#### TASK INPUTS ####

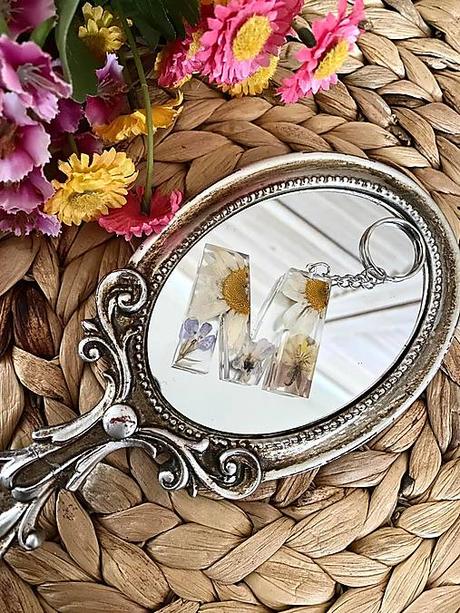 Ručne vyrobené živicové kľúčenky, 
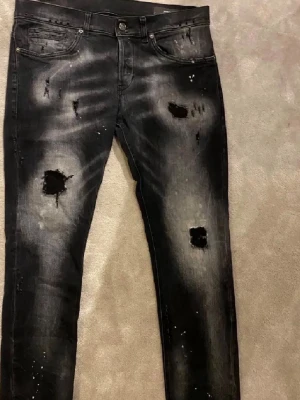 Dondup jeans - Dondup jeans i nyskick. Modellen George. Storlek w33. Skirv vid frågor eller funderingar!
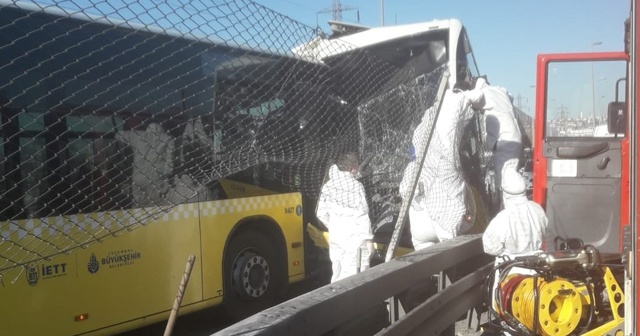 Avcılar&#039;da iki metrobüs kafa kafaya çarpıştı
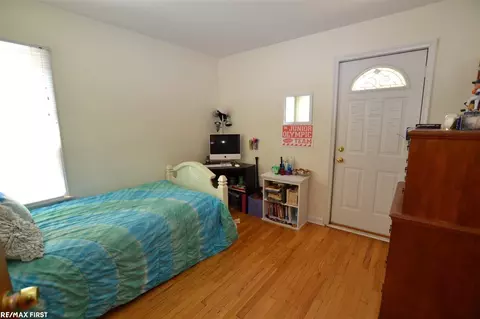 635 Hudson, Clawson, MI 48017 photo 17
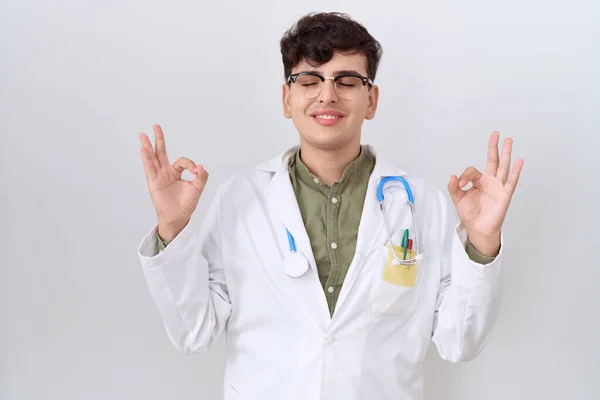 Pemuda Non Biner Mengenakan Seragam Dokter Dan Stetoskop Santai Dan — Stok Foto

####

# ABOUT THIS TASK:
An exact reproduction of all the records is required, with no pictures included.

# RESULT FOR THIS EXERCISE:
 Ručne vyrobené živicové kľúčenky, 
 Dondup jeans - Dondup jeans i nyskick. Modellen George. Storlek w33. Skirv vid frågor eller funderingar!
 Avcılar&#039;da iki metrobüs kafa kafaya çarpıştı
 635 Hudson, Clawson, MI 48017 photo 17
 Pemuda Non Biner Mengenakan Seragam Dokter Dan Stetoskop Santai Dan — Stok Foto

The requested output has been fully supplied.